Starting a new business is hard, even if you bring a healthy amount of experience to the table. The challenging side of entrepreneurship is often overlooked, because the opportunities for being your own boss and blazing your own trail seem so inspiring. Yet, no matter what business you are creating, there will be times when you want to throw in the towel. So, I want to share some thoughts for anyone who is contemplating starting a new business venture.
Passion Only Goes So Far.
What’s your motivation for starting this new venture? Have you always had a desire to work in a certain industry, or use a favorite talent? Maybe you have the next best idea since Post-it notes. Maybe you are tired of working for someone else and you want to be your own boss and set your own schedule. Whatever the reason, take some time to really be certain that your reason is not an idealized perspective divorced from reality. Let’s say you have spent years in the publishing business, and you are ready to start your own e-magazine for woodworking. You have always enjoyed creating your own furniture and want to share great templates you have collected. You’ve done your research and believe there is a market for your new venture. You are excited, believe you have planned well with financial savings in place. Be prepared. Even with passion for the business, there will be times that are tough.
Less Free Time.
It takes years to build a successful business in which you can work on the business not for the business. Updating, improving, and monitoring is a never ending process. When you embark on your new business, you will be wearing many hats, until you can afford to hire and outsource some of the responsibilities. In the beginning, you may find yourself working all day on marketing, product selection, establishing the delivery systems, only to find yourself handling the bookkeeping at night. Entrepreneurship is not a 9-5 job. You will find, at least until the business is well established and you have others managing aspects of the company that the venture is 24/7.
You Can’t Lead Others until You Can Manage Yourself.
As the leader of the organization, everyone will be looking at the way you act and handle yourself, no matter what the situation. Time management with your own schedule and with your own set of priorities must be practiced well. You can’t lead by the numbers. That’s what managers do. You will need to inspire your team to believe in themselves, to keep persevering and work in office space that may not be as great as the office suites they left behind in their former employment. Yet by establishing yourself as an optimistic problem solver, others will follow your lead. Good leaders inspire people to believe in him or her; great leaders inspire people to believe in themselves.

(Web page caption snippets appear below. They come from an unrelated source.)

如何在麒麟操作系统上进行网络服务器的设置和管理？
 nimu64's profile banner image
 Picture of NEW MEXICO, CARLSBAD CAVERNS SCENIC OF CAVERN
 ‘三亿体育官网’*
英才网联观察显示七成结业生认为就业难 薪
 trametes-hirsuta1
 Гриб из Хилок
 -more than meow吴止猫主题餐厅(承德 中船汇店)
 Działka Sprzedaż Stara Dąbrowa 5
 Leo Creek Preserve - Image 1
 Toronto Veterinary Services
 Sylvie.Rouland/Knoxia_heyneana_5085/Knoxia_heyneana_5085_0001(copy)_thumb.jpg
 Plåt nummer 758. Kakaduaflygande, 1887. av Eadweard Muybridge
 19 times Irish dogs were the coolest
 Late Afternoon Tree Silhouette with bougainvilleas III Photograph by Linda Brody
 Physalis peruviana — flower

Crisis in Confidence is Likely to Occur.
No one is going to be more critical of you than you. At times, the business situation can be stressful and at other times, frustrating. You thought things would be moving at a faster pace. You thought more clients would be on board by now. You begin to doubt yourself and your plans. Such self-doubt is common, at least at some point in the entrepreneurial adventure. Remember that self-doubt is defeated by self-confidence. Every competitive athlete knows this. Such advice is well heeded by new business owners as well. The best strategy is to make certain you have a network of colleagues and mentors who can support you along the way.
You’ve Got to Keep Learning or You Will Fall Behind the Competition
The challenging side of entrepreneurship includes a need for continuous learning. Maintaining a competitive edge and creating uncontested market space requires that you keep abreast of changing trends. You keep abreast of changing product lines, delivery systems, marketing tools and customer requests. Business strategy and operational improvements will be continuously updated with annual business plans and personnel training.
Cash-flow Really is King
Life can be terrifying when the money is not flowing into the coffers. You send out invoices, but have to wait-for what sometimes seems like an eternity to get payments. Yet, your vendors, suppliers and employees are expecting their payments on time or there will be penalties. My best advice is to budget conservatively and make certain that you have diversified revenue streams so that when the business is experiencing lean times, revenue is still available from different sources. Diversifying the client base helps as well so that you are not dependent on one or two major clients—who may decide to move their business elsewhere.
Entrepreneurship can be very rewarding, but planning well is key. Our economy is fueled by small business enterprises and entrepreneurs. Thanks for taking the risk. I wish you much prosperity and success.